*** SUPPLIED INFORMATION ***

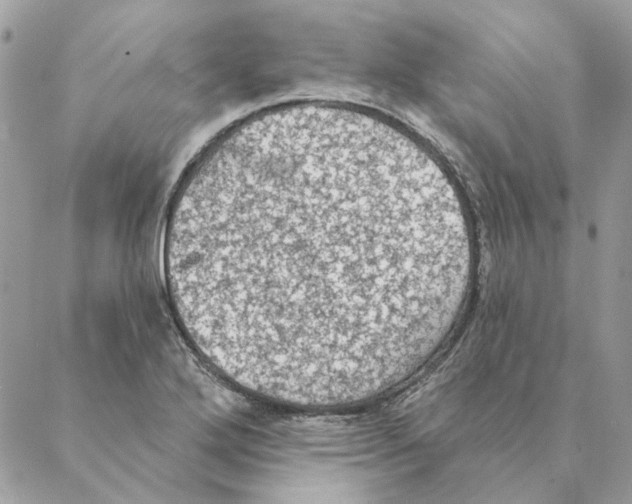 X0000088221272200706121821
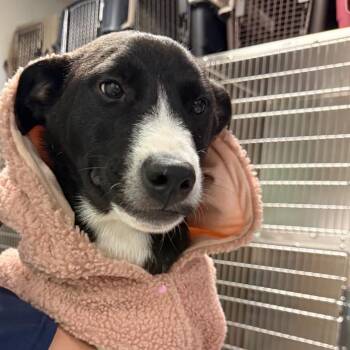 Mixed Breed Dogs Available for Adoption in Charleston, West Virginia - Lilac | PetCurious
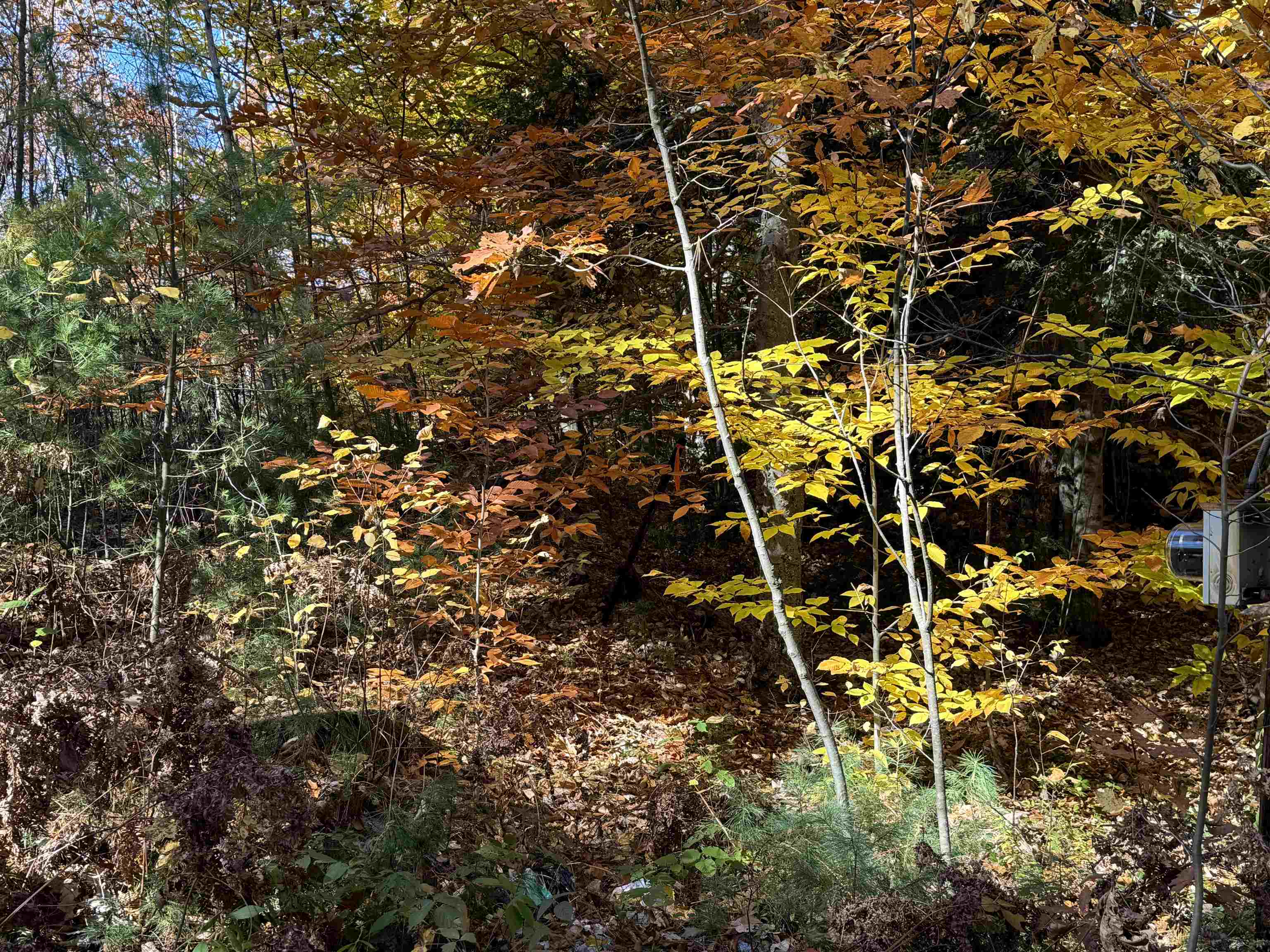 301 Highway 16B Ossipee, NH 03814 - Photo 32 of 35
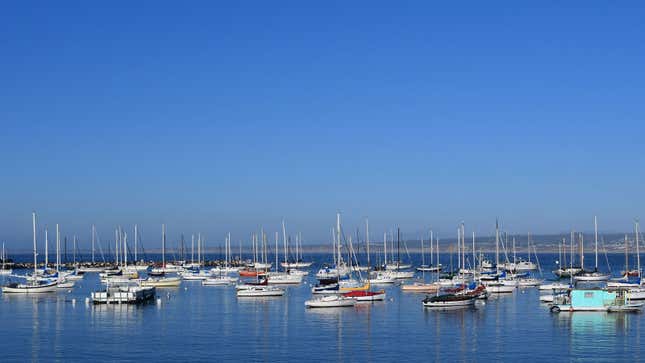 A photo of sailing boats floating in a harbor. 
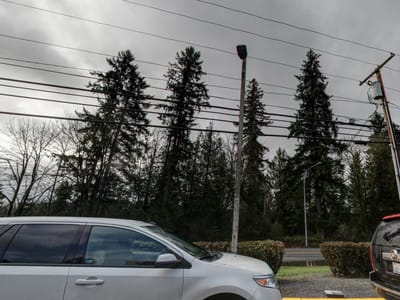 Mercurys Coffee Co. - Redmond-Fall City Rd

*** End of SUPPLIED INFORMATION ***

INSTRUCTIONS TO FOLLOW:
Nothing but the pictures should be left out when the records are retyped exactly.

ANSWER BOX:
 X0000088221272200706121821
 Mixed Breed Dogs Available for Adoption in Charleston, West Virginia - Lilac | PetCurious
 301 Highway 16B Ossipee, NH 03814 - Photo 32 of 35
 A photo of sailing boats floating in a harbor. 
 Mercurys Coffee Co. - Redmond-Fall City Rd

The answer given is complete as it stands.